Counting cycles, yes, but cycles of what?
On a modern x86, the timesource used by the kernel (internally and for clock_gettime
and other system calls) is typically a timer interrupt, or hardware timer (e.g. HPET) that's read occasionally. (I actually don't know the details; when I wrote this I thought everything was just based on rdtsc
but I don't think that's correct.) If networking is available, often NTP is used to correct the scale factors to keep the system time correct.
Fine-grained timing comes from a fixed-frequency counter that counts "reference cycles" regardless of turbo, power-saving, or clock-stopped idle. (This is the counter you get from rdtsc
, or __rdtsc()
in C/C++, see this for more details, e.g. that on older CPUs it actually did count core clock cycles, and didn't tick during sleep states, so was less useful for wall-clock time.)
Normal std::chrono
implementations will use an OS-provided function like POSIX clock_gettime
.
On Linux, this can run purely in user-space. Code + data in a VDSO page are mapped by the kernel into every process's address space. The data includes coarse timestamps updated by timer interrupts (CLOCK_REALTIME_COARSE
or CLOCK_MONOTONIC_COARSE
just return these directly, I think), plus an offset and scale factor for using the TSC to get a fine-grained offset from the last tick of the system clock. Low-overhead timesources are nice. Avoiding a user->kernel->user round trip helps a lot, even moreso with Meltdown + Spectre mitigation enabled because that makes true system calls even more expensive.
Profiling a tight loop that's not memory bound might want to use actual core clock cycles, so it will be insensitive to the actual speed of the current core. (And doesn't have to worry about ramping up the CPU to max turbo, etc.) e.g. using perf stat ./a.out
or perf record ./a.out
. e.g. Can x86's MOV really be "free"? Why can't I reproduce this at all?
Some systems didn't / don't have a wall-clock-equivalent counter built right in to the CPU, so you only had a coarse time available, updated in RAM on timer interrupts. Or time-query functions would read the time from a separate chip, possibly with high precision.

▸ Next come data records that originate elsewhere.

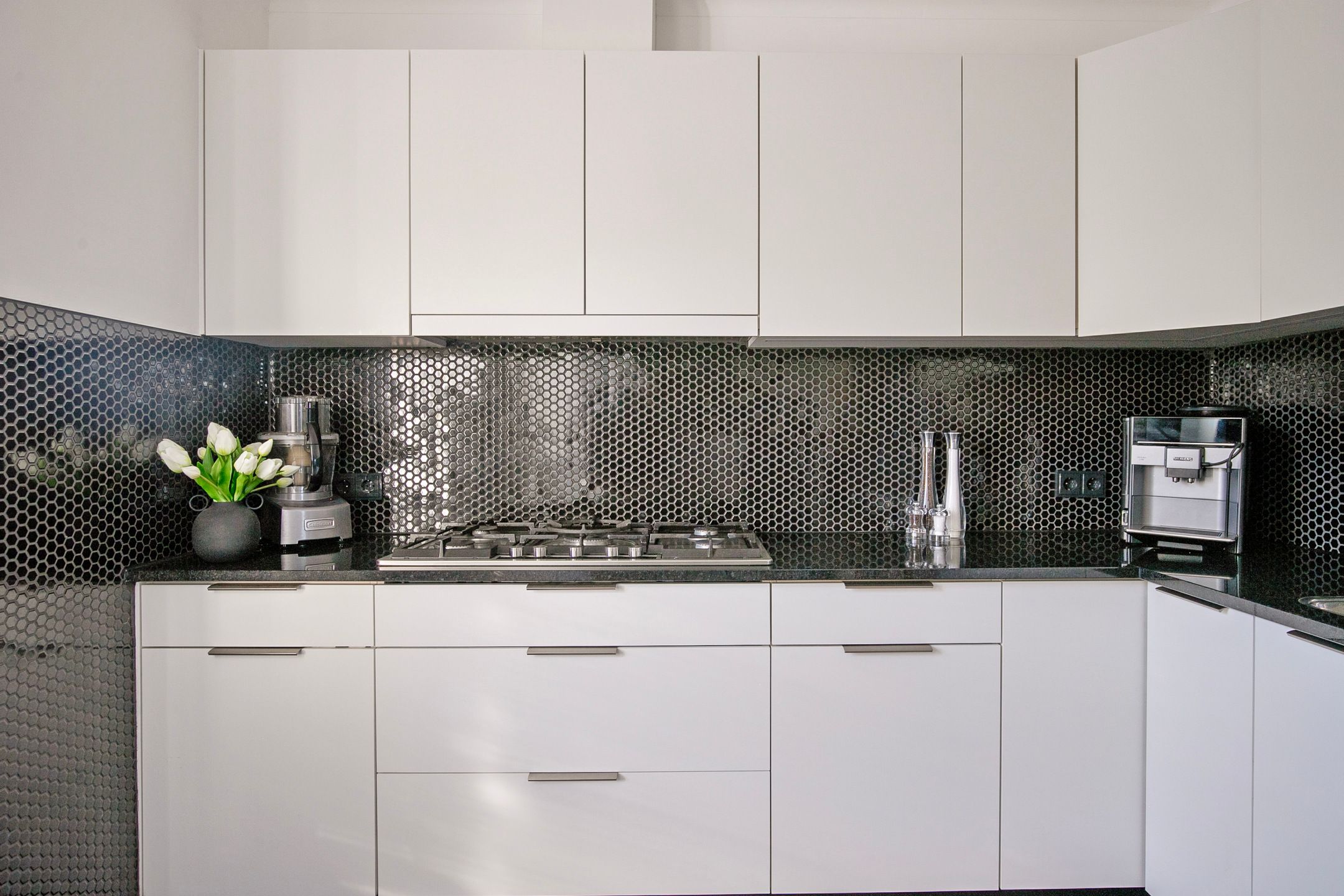 Foto 27 van Hoogvelden 9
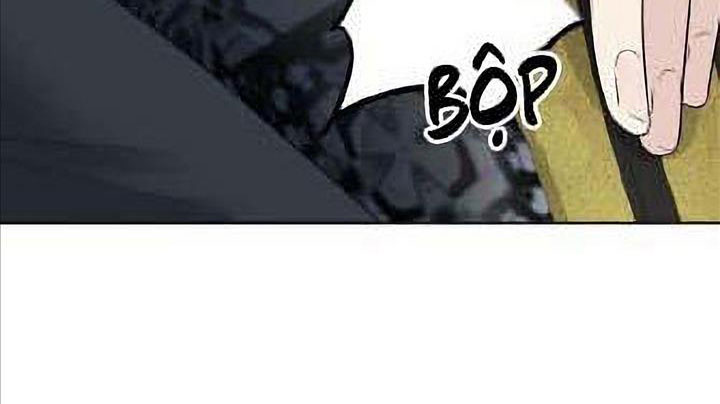 chinh phục quý ngài ma cà rồng chapter 9 16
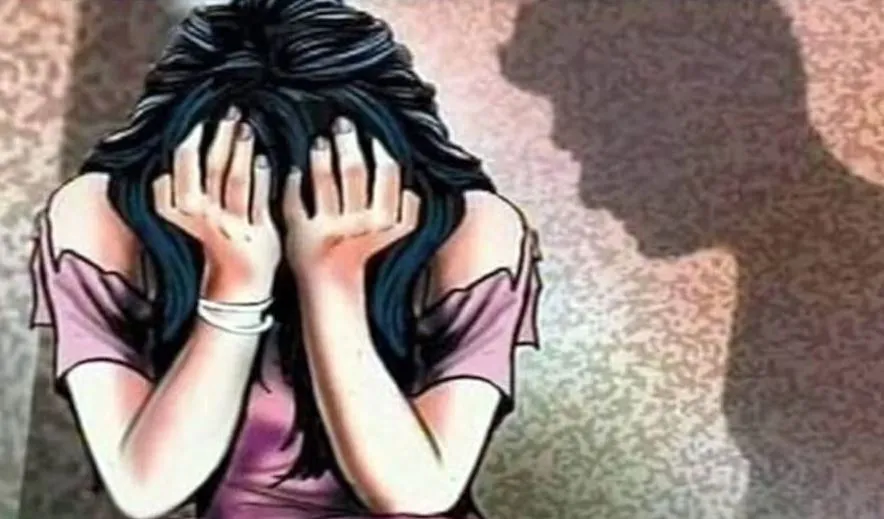 बरेली: घर में घुसकर छात्रा से छेड़खानी...कपड़े फाड़े, मां से भी मारपीट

(System call + hardware I/O = higher overhead, which is part of the reason that x86's rdtsc
instruction morphed from a profiling thing into a clocksource thing.)
All of these clock frequencies are ultimately derived from a crystal oscillator on the mobo. But the scale factors to extrapolate time from cycle counts can be adjusted to keep the clock in sync with atomic time, typically using the Network Time Protocol (NTP), as @Tony points out.